Günlük yaşam ve ırkçılığa karşı farkındalık

Nilgün ÖZDAL

Irkçılığın görünmeyen hafife alınan, ancak sosyal toplumsal açıdan ciddi sonuçlara yol açan kısmı gündelik ırkçılık, ayrımcılık.

Köken, ten rengi, din, dil veya belirli bir gruba mensubiyet gibi özelliklere dayalı ırkçı ayrımcılık, kasıtlı veya kasıtsız olarak insan haklarını ihlal etmektedir. Bu nedenle her yıl 18-24 Mart tarihleri arasında Irkçılığa Karşı Eylem Haftası düzenleniyor. Bu konuyla ilgili faaliyet yürüten sivil toplum kuruluşları ilgili resmî kurumlarla birlikte farklı etkinlikler düzenleyerek, çeşitliliği kucaklayan ve dayanışma içinde bir arada yaşamanın önemine dikkat çekiyor.
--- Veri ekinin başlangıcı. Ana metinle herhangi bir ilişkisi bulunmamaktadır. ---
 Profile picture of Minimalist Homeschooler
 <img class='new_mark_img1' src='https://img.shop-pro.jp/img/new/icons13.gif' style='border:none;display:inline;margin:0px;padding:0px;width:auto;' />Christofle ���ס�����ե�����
İsviçre ırkçılığa karşı caydırıcı yasal önlem almak açısından komşu ülkelerden oldukça geri durumda. Resmi istatistiki verilere dayanarak ırkçılığın oldukça düşük olduğu iddia edilmektedir. Bu bahane ırkçılığa karşı mücadele için önemli bir bütçe ayırmamanın ve yasal önlem almamanın gerekçesi olarak sunulmaktadır. Günlük yaşamda pek çok ırkçı, ayrımcı davranışların ve eylemlerin ispatlanması oldukça zordur. Bu nedenle ırkçılığa, ayrımcılığa maruz kalan kişiler, şikâyet ettiğinde bir sonuç alamayacağı ve sorunlu biri olarak etiketleneceği düşüncesi ve endişesiyle resmî kurumlara başvurmuyor. Kayıtlara geçmeyen bu eylem ve davranışlar ırkçılığın oldukça düşük görünmesini sağlıyor. Ve ırkçılığa, ayrımcılığa maruz kalınmasını normalleştiriyor. Bu da inkârcı sistemin ekmeğine yağ sürüyor. Bu nedenle ispat edilmesi zor olan durumların da kayıtlara geçmesi oldukça önemli.
Ayrıca pek çok kişinin var olan mercilerden ve desteklerden haberi yok.” Irkçılığa dur de” (Stop Rassismus) kurumu, gönüllü kuruluşlar sınırlı imkanlarla bu konuda danışmanlık ve destek imkânı sunuyor. Gizli ve açıktan ırkçılığın gündeme getirilmesi ve bildirilmesi, şikâyet edilmesi, toplum olarak tepki gösterilmesi ırkçılığa karşı mücadele de büyük önem arz ediyor.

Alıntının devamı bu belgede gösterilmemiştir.